### Provided material

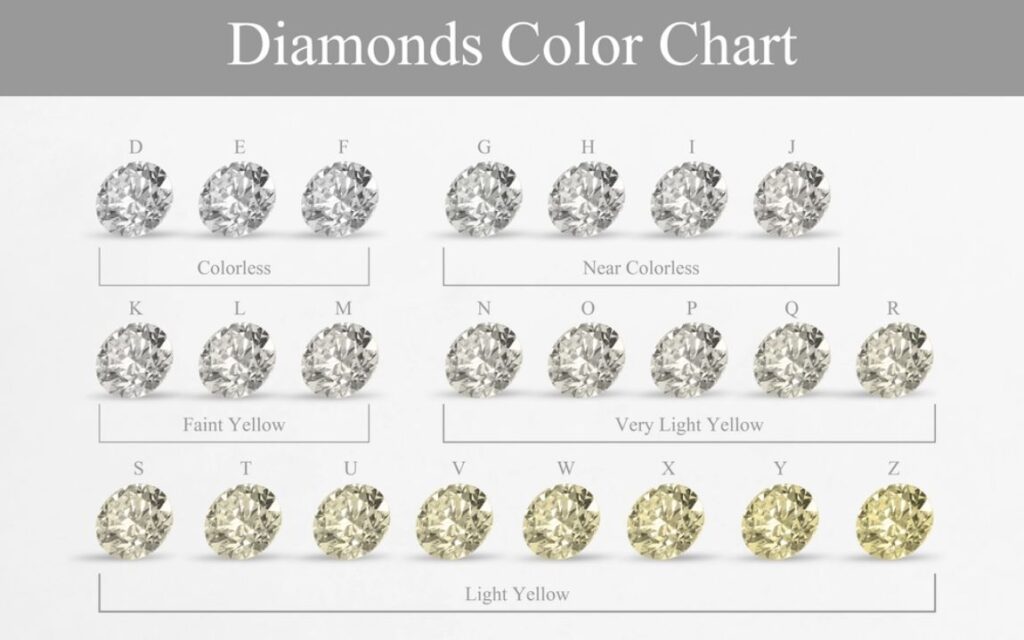 Màu sắc kim cương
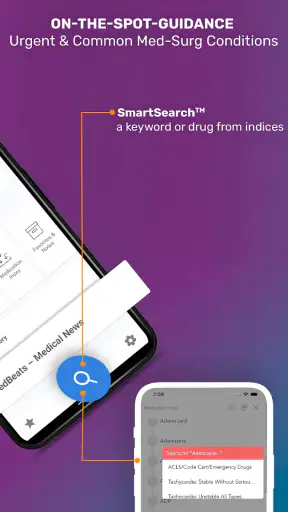 MedSurg Notes: Nurse Pkt Guide screenshot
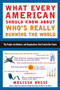 What Every American Should Know About Who's Really Running the World (The People, Institutions, and Organizations That Control Our Future) by Melissa Rossi, 9780452286153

### Exercise brief
Only the text of the listing above is copied, exactly as written; its pictures are dropped.

### Completed task
 Màu sắc kim cương
 MedSurg Notes: Nurse Pkt Guide screenshot
 What Every American Should Know About Who's Really Running the World (The People, Institutions, and Organizations That Control Our Future) by Melissa Rossi, 9780452286153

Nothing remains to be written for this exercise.